ISLAMABAD, Sept 28: Although a woman supervises Pakistan’s banking sector as the central bank governor, a premier commercial bank of the country, according to one of its senior officials, cannot accept women as witnesses in what a prominent lawyer and senator described on Sunday as a “gender-based discrimination” violating the Constitution and Islamic injunctions.

The Allied Bank’s regional head for credit administration department in Islamabad said this was being done under “court instructions” and “government of Pakistan rules”.

“Witnesses of ladies are not acceptable (sic),” said a memo from the official to a bank branch in Islamabad in connection with a credit facility against Defence Savings Certificates that was finalised on Saturday after the applicant was made to substitute a promissory note signed by two male witnesses for one that bore signatures of as many women, while several other papers needed for the arrangement were all signed by male witnesses.

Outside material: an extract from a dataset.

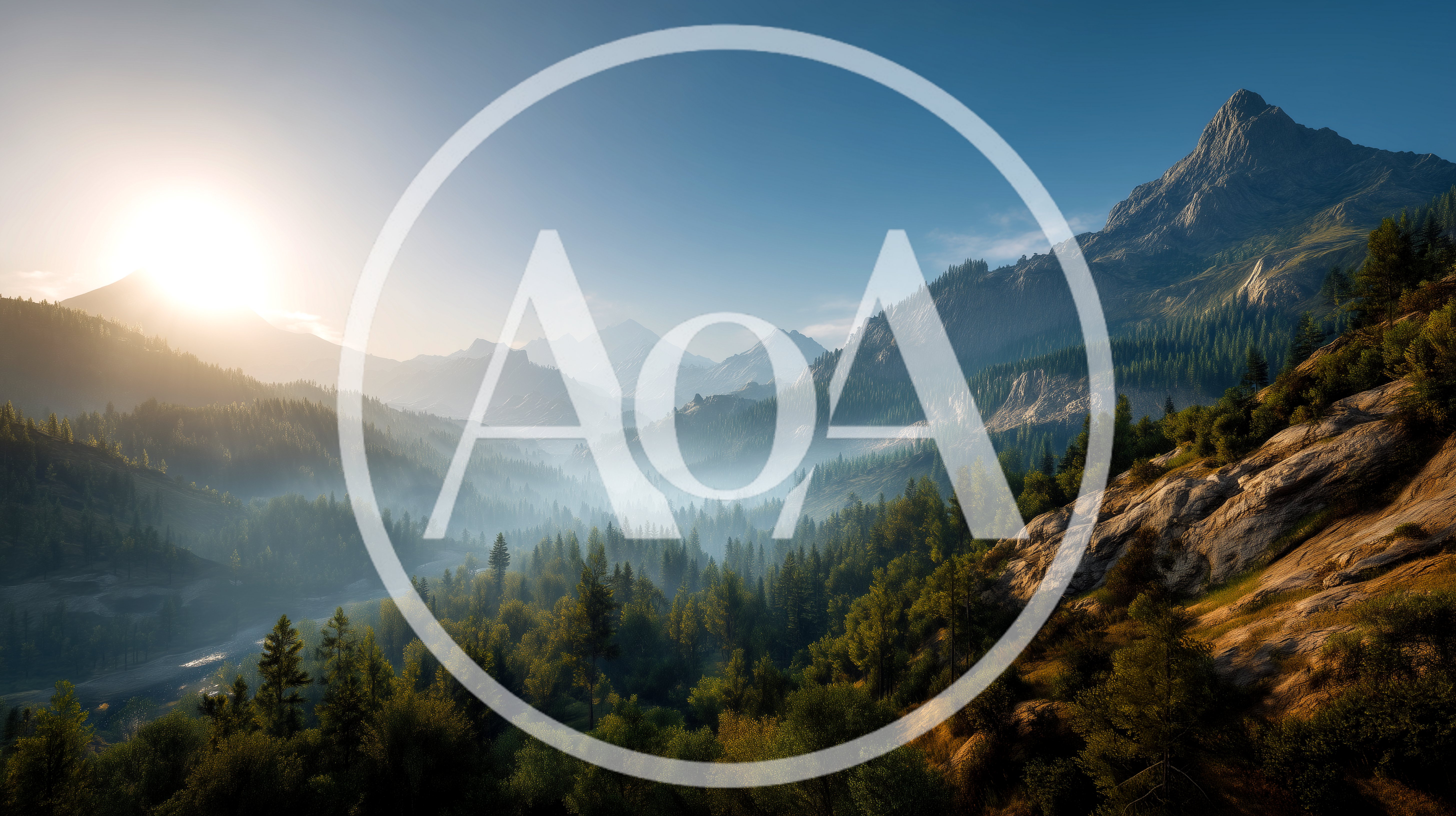 Misty Mountain Valley At Sunrise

This correspondent, who was shown the memo as an applicant for the facility, asked the bank official, Mr Saeed Akhtar, by telephone whether he was sure women could not stand as witnesses in such case. He replied: “Yes surely. I am doing this for 20 years.”

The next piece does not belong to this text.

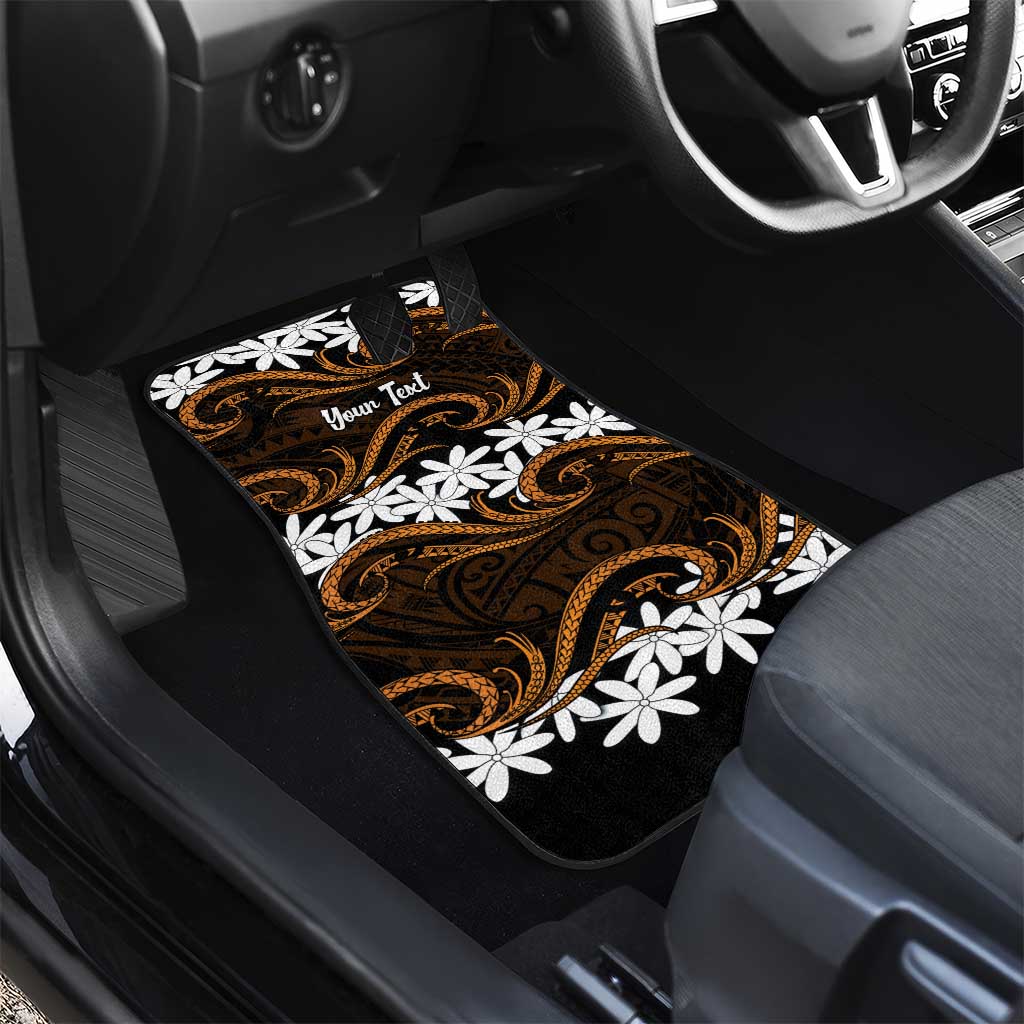 Personalised Cook Islands Rakahanga Car Mats Tiare Maori Polynesian Waves Tattoo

The official did not specify any law or a prudential regulation banning women from being witnesses but said this was being done lawfully although women held senior positions in the banking sector, whose supervisory State Bank of Pakistan is currently headed by its first woman governor Shamshad Akhtar.

“This is clear-cut violation of the injunctions of the holy Quran laid down in the dictum of God which says that ladies can testify competently under all heads and in all courts and obligations,” PPP Senator Babar Awan told Dawn when asked about the legal position on the issue, which he said could be raised in parliament.

He said that even under the controversial Qanun-i-Shahadat of 1984 enforced by then-military ruler General Mohammad Zia-ul-Haq, “men and women are equally competent to give evidence and stand as witnesses. In everyday judicial practice, women are appearing as competent witnesses and their testimony and depositions are being relied upon throughout the country as well as globally.”

Mr Awan also noted that under Article 25 of the Constitution, gender-based discrimination violated the fundamental rights guaranteed by Pakistan’s supreme law and said: “Therefore, saying that women are not competent witnesses is not only a derogation of the injunctions of Islam but also contemptuous of the constitutional and judicial system of the country.”